The baseline design of SWOT is to carry a microwave radiometer like the AMR on Jason-2. The AMR measurement at nadir will be applied across the swath for the wet tropospheric correction. In our simulation, the AMR measurement was produced by applying an 18-km footprint at the center of the swath with a two-dimensional Gaussian function (18-km diameter for midvalues) to the simulated water vapor field. The resulting wet tropospheric correction was then subtracted uniformly from the two-dimensional field of wet tropospheric correction. The residual values then represent the residual errors for the wet tropospheric correction caused by the cross-track variability of water vapor. It should be noted that there will be additional instrument measurement error associated with the nadir measurement, but only the error component due to the residual cross-swath variability is considered here. Figure 4b shows the residual errors over the swath shown in Fig. 4a. Near the nadir, the error is very small, as the region is covered by the radiometer. However, the error can exceed 2 cm at the edge of the swath.
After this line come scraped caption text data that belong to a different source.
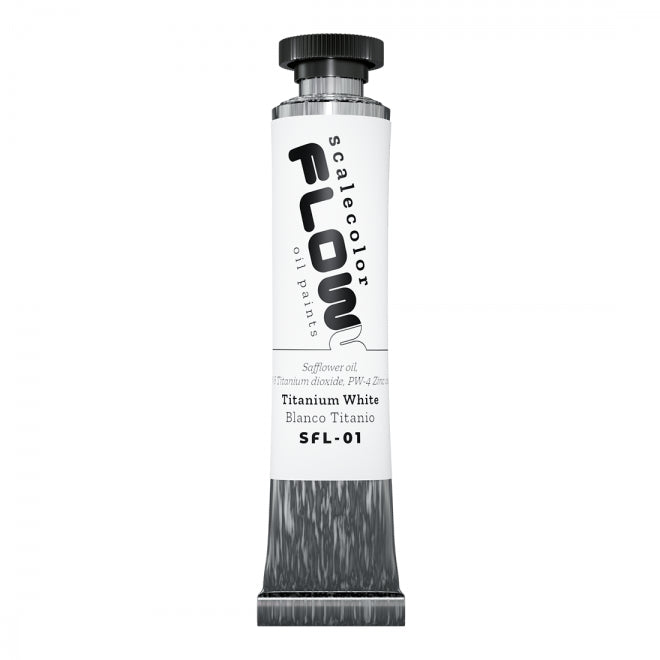 Scale 75 - Scalecolour - Floww - Titanium White 20ml
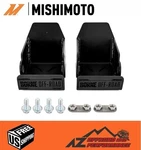 Mishimoto Black Rear Shock Skid Plates '21+ Ford Bronco. Fixed Price $209.95.
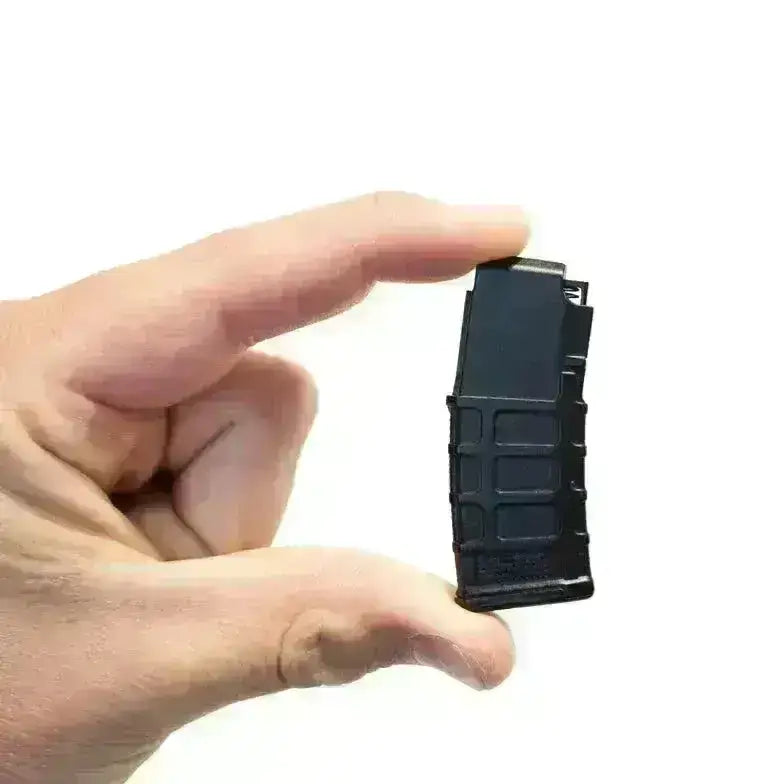 Goatguns - Mini AR Slip Grip Magasin i Metall - Game-On.no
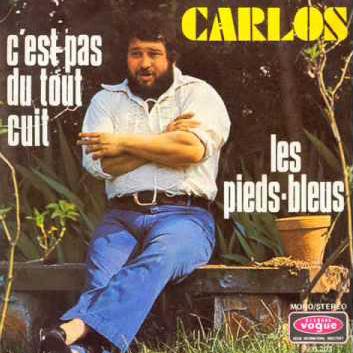 Les Pieds Bleus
4. Comparison to SSH signals
The major objective of the study is to quantify the residual errors in the wet tropospheric correction for the SWOT mission with the use of a nadir radiometer. The residual errors estimated using the approach described in the preceding section were evaluated against SSH signals derived from altimeter data on 2° × 2° grids globally. At each point of the 2° × 2° grids, an ensemble of residual errors was generated. Along-track spectra of the residual error were then computed everywhere across the swath. This analysis therefore represents the swath-averaged performances, which are actually nonhomogeneous across the swath. At each location, a single spectrum was obtained after averaging the spectra from 100 realizations. An example of this spectrum is represented by the blue curve in Fig. 5 for two different regions: the Gulf Stream region, where the variability of SSH is large, and the eastern tropical Pacific, where the SSH variability is low. The blue dotted line represents the spectrum of the residual error after the nadir correction. The thick blue line is the water vapor spectrum from the AMSR-E observations. The thin blue line represents the linear fit to the AMSR-E spectrum at 100–250-km wavelengths for the approximation of the spectrum at wavelengths shorter than 100 km.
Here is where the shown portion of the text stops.